Training and deploying an ML model to predict whether or not an individual is likely to purchase car insurance.
The data used will be from the following dataset: https://www.kaggle.com/kondla/carinsurance Note: The file 'carInsurance_train.csv' will be split into train and test sets for modelling and prediction, as the provided 'carInsurance_test.csv' does not have any ground truth labels to validate against.
In the first section of this notebook we will perform EDA, pre-processing and some feature engineering in order to prepare the data for modelling. In the modelling segment, we will use Grid Search Cross Validation to find the optimal parameters to train an XGBoost model, to predict whether a person will purchase car insurance or not.
In the final segment of the notebook, we can make a call to the Flask API serving the persisted trained model via Google Cloud Run, in order to make a prediction on a sample from the test set.

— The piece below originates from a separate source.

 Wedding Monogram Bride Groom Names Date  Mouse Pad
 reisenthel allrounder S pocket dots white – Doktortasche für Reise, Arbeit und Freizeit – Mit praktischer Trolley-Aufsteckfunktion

To summarise the steps here, a Docker container is created and deployed via Cloud Run, with the code to continuously run and serve the Flask-RESTful API. Following the 'Deployment' segment of Car_Insurance_Prediction.ipynb will allow a user to test out the API. The Cloud Run environment has the same files that are present in the Car_Insurance_Prediction/Deployment directory here on GitHub.
If you have Docker installed on your machine, feel free to skip the above notebook and quickly build and test the application using the Dockerfile provided.
This only involves:
-
Cloning the repo
-
Navigating to the repo
-
Building a docker image from the Dockerfile:
docker build -t prediction . -
Running the container:
docker run prediction